Endocrinology: Growth
Endocrinology 1
Lin Yang, Ph.D
Children's Hospital of Fudan University
Shanghai, Shanghai, China (People's Republic)
Hui Xiao (she/her/hers)
NA
Children's Hospital of Fudan University
Shanghai, Shanghai, China (People's Republic)
The annual number of small for gestational age (SGA) births is ~1,072,100 in China, and SGA survivors remain at a high risk of adverse prognosis. It is crucial to identify disease disorders and predict prognosis for the SGA population.
Objective:
We aimed to describe the genetic characteristics and design a prognosis prediction model of SGA newborns.
Design/Methods:
This retrospective cohort study enrolled 723 SGA newborns from the China Neonatal Genomes Project (CNGP) between June 2018 and June 2020. Clinical exome sequencing was administered to each newborn.

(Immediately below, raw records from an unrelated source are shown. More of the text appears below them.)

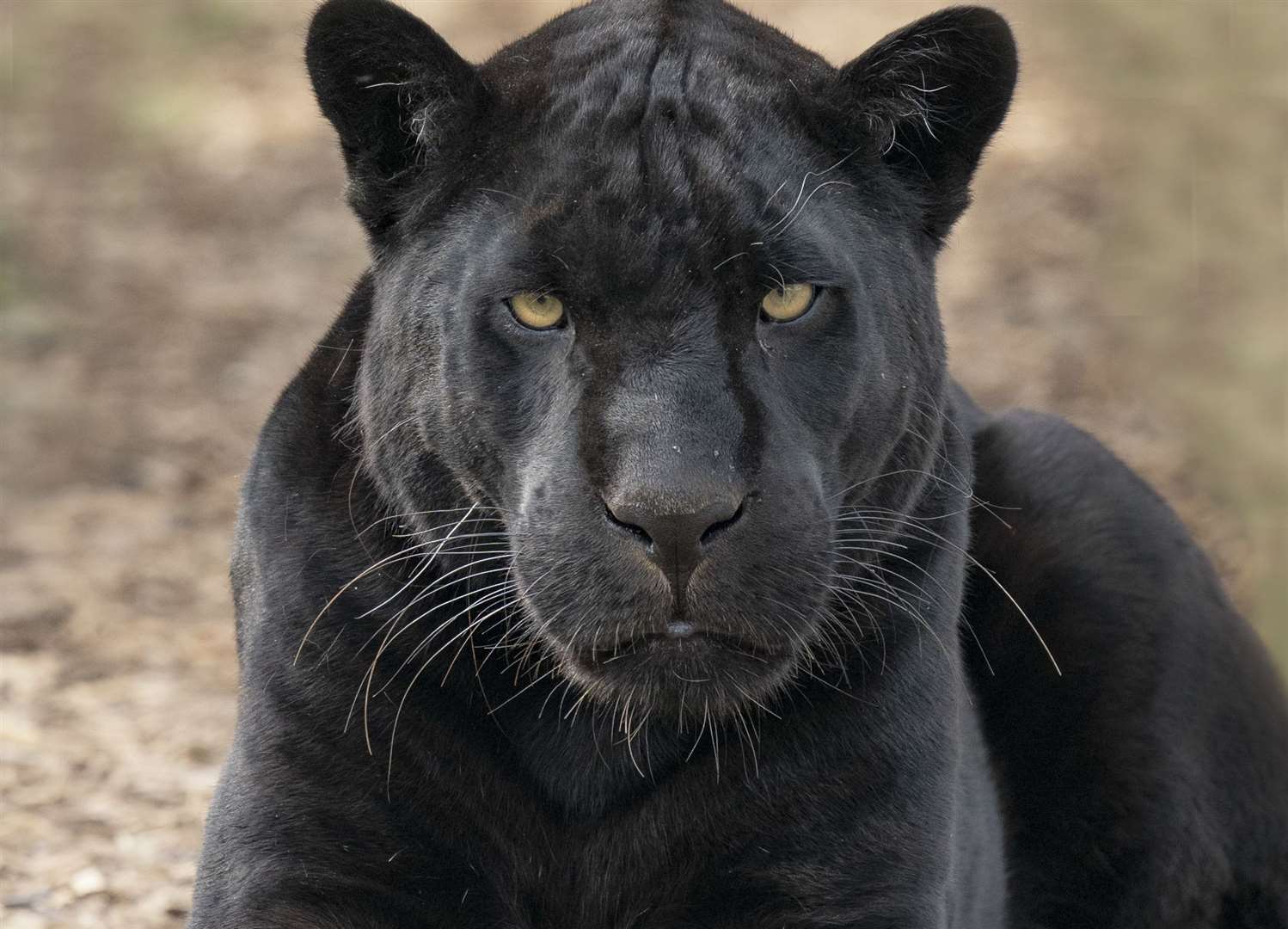 Maya at at Smarden's The Big Cat Sanctuary. Picture: Alma Leaper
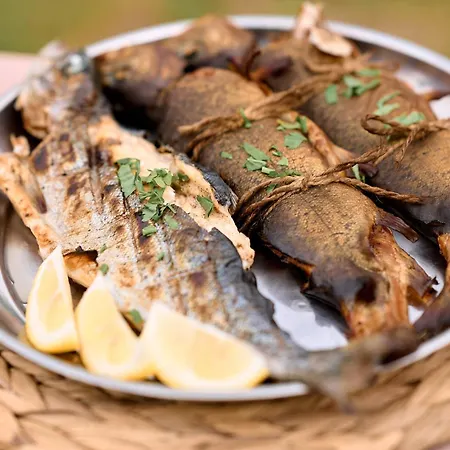 Stream Housee * Slavske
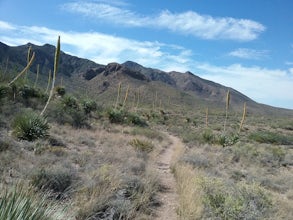 Hike the Tom Mays Trail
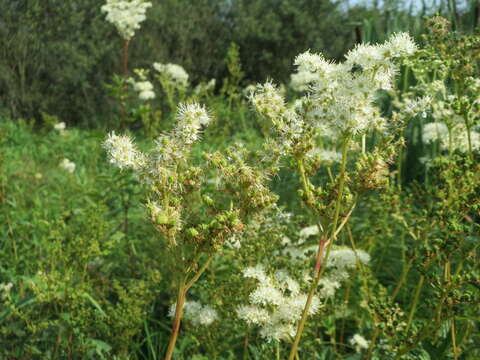 Image of Meadowsweet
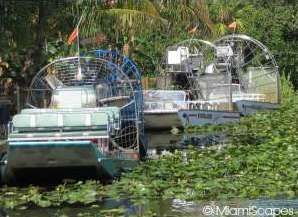 Airboat Ride in the Everglades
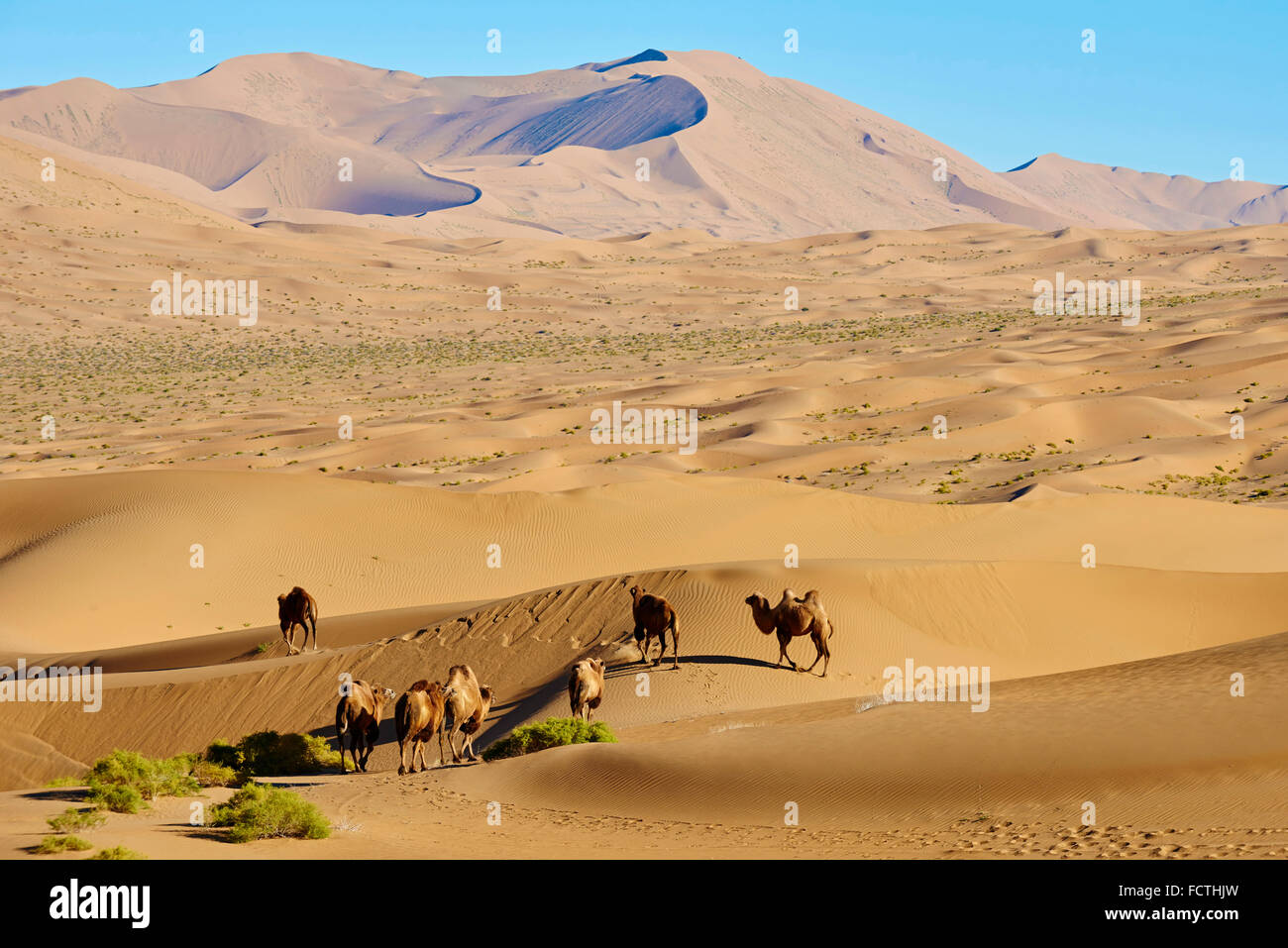 China, Inner Mongolia, Badain Jaran desert, Gobi desert, bactriane camels Stock Photo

All SGA newborns were followed up over 2 years to document any documented any physical growth delay, neurodevelopmental delay, or death, either of which was classified as a poor prognosis. The gene-based collapsing analyses and the gene burden analysis were applied to identify the risk genes for SGA and SGA with poor prognosis. The Gradient Boosting Machine framework was used to generate two models to predict the prognosis of SGA.
Results:
Of the 723 SGA newborns (439 [60.7%] males; mean [SD] age, 36.5 [3.3] weeks; mean [SD] birth weight, 2002.1 [626.8] g), 88 (12.2%) had genetic diagnosis, including 42 (47.7%) with monogenic diseases and 46 (52.3%) with chromosomal abnormalities. SGA newborns with genetic diagnosis presented higher rates in the proportion of severe SGA (birth weight less than the third percentile), and in the proportion of poor prognosis during follow-up than SGA without genetic diagnosis. SGA with chromosomal abnormalities showed higher proportions in physical growth and in neurodevelopmental delay than those with monogenic diseases (45.7% vs. 19.0%, P = 0.012). Risk genes for SGA and SGA with poor prognosis were enriched in development-related pathways. The SGA prognosis prediction model combining clinical and genetic factors achieved a higher area under the receiver operating characteristic curve (AUROC=0.82, 95% confidence interval [CI] 0.73-0.92) than the model using only clinical factors (AUROC=0.71, 95%CI 0.61-0.81; P =0.032).
Conclusion(s):
Genetic characteristics of SGA newborns included monogenic diseases and chromosomal abnormalities in approximately equal proportions, SGA newborns with chromosomal disorders had worse prognosis. The SGA prognosis prediction model combining genetic and clinical factors performed better. The application of next-generation sequencing in SGA newborns is helpful for early genetic diagnosis and clinical prognosis prediction.